Однако именно в конце шестидесятых — начале семидесятых Фазиль Искандер принимал участие в оппозиционной деятельности. Он подписывал письма протеста. Он общался с опальными литераторами и публицистами, с тем же Александром Галичем. С Галичем, который тоже жил «на „Аэропорте“», он пришел попрощаться прямо накануне его вынужденной эмиграции, 24 июня 1972 года. Много лет спустя на вечере памяти Галича в ДК завода имени Ильича Искандер вспоминал:

«Надо было видеть его в этот момент — он как бы полулежал, огромный, распростертый, красивый, но совершенно погасший. Он пытался бодриться, конечно, но чем больше бодрился, тем больше чувствовалось, что случилось нечто страшное, и я не хотел самому себе признаваться, что он уезжает умирать...»

И кстати: Фазиль будет среди немногочисленных участников первого, по сути полуподпольного вечера Александра Галича (еще не реабилитированного тогда), который состоялся в начале перестройки летом 1987 года.

Искандер подписал немало писем и в защиту диссидентов. Сразу же начались неприятности — пока незначительные. Алексей Кондратович вспоминает, как возмущен был его шеф Александр Твардовский тем, что Главлит автоматически вычеркивает из готовящихся к печати изданий произведения и фамилии «подписантов», в том числе и Искандера. Так скоро и публиковать некого будет, сердился Твардовский. Что-то — и рассказы Искандера тоже — все же удавалось отвоевывать: выходит, цензура по-прежнему не считала его опасным и непримиримым врагом советской власти.

Было в интеллигентских кругах (прежде всего столичных) такое «оттепельное» поветрие — писать и подписывать различные письма, адресованные руководству СССР, Генпрокуратуре и т. п. Эта волна длилась около трех лет и закончилась в основном в 1969 году. Подписывали многие вполне «легальные» деятели культуры. Возникла своего рода мода — тем более что «подписантам» всерьез пока ничего не грозило. По рукам ходило открытое письмо 25 виднейших деятелей науки и культуры, написанное Брежневу в феврале 1966 года, о попытках реабилитации Сталина. Среди подписавших — академики, знаменитые режиссеры, артисты, художники, писатели, старые большевики с дореволюционным стажем. Д. Д. Шостакович, П. Л. Капица, И. Е. Тамм, М. А. Леонтович, В. П. Катаев, К. Г. Паустовский, К. И. Чуковский; М. М. Плисецкая, О. Н. Ефремов, И. М. Смоктуновский... Какие имена! По оценке сегодняшних исследователей, доводы против ресталинизации были выдержаны в духе лояльности, но протест против возрождения сталинизма выражен энергично. Упомянем и письмо в ЦК КПСС 43 детей коммунистов, репрессированных в сталинские времена (сентябрь 1967 года).
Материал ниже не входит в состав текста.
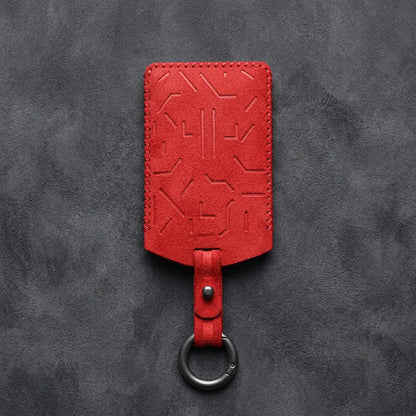 Zeekr Hand-Stitched Alcantara Key Fob Cover – Card Key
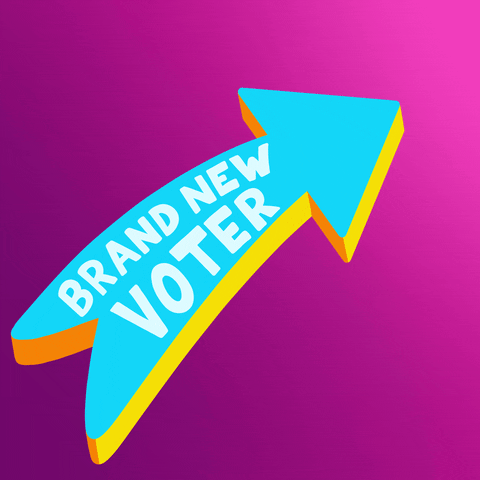 Election Day Brand New Voter On An Arrow GIF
Фамилия Искандера значится среди тех, кто подписал письмо в защиту арестованного Юрия Галанскова. Для Искандера Юрий был практически «свой», литератор, да еще и молодой — 1939 года рождения. Галансков участвовал в неформальном поэтическом движении, читал вместе с другими свои стихи у памятника Маяковскому еще в начале шестидесятых, написал самому Шолохову петицию «О бесцензурной литературе и ее роли для общественного развития России» (активно ходила в самиздате). А арестован он был за то, что вместе с Аликом Гинзбургом готовил сборник документов по процессу Даниэля — Синявского. Погибнет в лагере, не дожив и до сорока лет. Письмо не помогло.

Сам Искандер впоследствии говорил об этом так:

«Инициатором составления подобных писем я никогда не был. Но если письма попадали мне в руки и я видел, что изложенные в них требования справедливы, подписывал безусловно...»

Известно его публичное возмущение отставкой Твардовского. Своих эмоций по поводу действий властей, вынудивших уйти лучшего редактора страны, Искандер и не думал скрывать.

Много позже в эссе «Письмо друзьям» он вспомнит, что произошло после его персонального возмущения по поводу смещения главреда «Нового мира»:

«Когда закрывали „Новый мир“ Твардовского, я дал телеграмму на имя Косыгина. Я писал, что журнал закрывают за то, что он мыслит. Я писал, что не всякая критика — мысль, но всякая мысль — критика. Общественная мысль не может существовать вне критического контекста. То, что я писал телеграмму на имя Косыгина, означало, что надоело подписывать письма, обращенные в ЦК. Там на такого рода письма или не реагировали, или заставляли замолкать, оказывая экономическое давление (например, не давая печататься, то есть лишая гонорара. — Е. П., М. Г.). Однако вызвали меня все-таки в ЦК, а не в канцелярию Косыгина. Товарищ, который, кстати, вполне доброжелательно со мной спорил, утверждал, что все дело в том, что я не знаю статей по сельскому хозяйству, которые пытались печатать в „Новом мире“, но цензура их останавливала. Мол, если бы я знал эти статьи, не стал бы посылать такой телеграммы. Я отвечал ему с полным знанием дела, что наше сельское хозяйство в катастрофическом состоянии. Он в ответ разъяснил мне, что партия об этом прекрасно знает и в самое ближайшее время будут приняты самые надлежащие меры».

Фазиль Абдулович проявил недюжинную смелость, обратившись наверх, — в то время когда те, кто так же возмущались «произволом властей», трусливо помалкивали.

Он НЕ БОЯЛСЯ за свой высокий статус, за свою «элитарность». Да и вообще — он не боялся ничего. Искандер всегда умел идти до конца, оставаясь верным и своим друзьям, и своим взглядам. И кстати  случай с телеграммой Косыгину остался без последствий. Власти до поры до времени относились к Искандеру благосклонно.

Что же касается диссидентов, то один из самых известных, недавно ушедший из жизни правозащитник Сергей Ковалев, впоследствии с горечью признавал:

«Мы оказались гораздо большими западниками, нежели сама западная элита. Мы приписывали западной политической цивилизации способности, которыми она вовсе не обладала. <...>

Мы не просто верили в универсальную ценность Права и Свободы; мы были убеждены, что именно эти ценности и есть движущая сила свободного мира...

Увы, эта благостная картина была неверной, порожденной нашей склонностью принимать желаемое за действительное. Это было грустное открытие...»

Понятно, что у диссидентов не было ни малейших шансов что-либо изменить в стране. О своей «диссидентской активности», как и последующей политической деятельности в перестройку, в одном из интервью Искандер сказал так:

«...основа писательской активности заключена в самом его творчестве, в соответствии тому, что он думает, чувствует, тому, о чем говорит и к чему призывает... Она неразрывно связана с тем, как человек решает проблему внутреннего редактора, если только она у него возникает».

Золотые слова! Основным для него в конце шестидесятых — начале семидесятых было вызревание главного труда всей жизни — эпоса «Сандро из Чегема».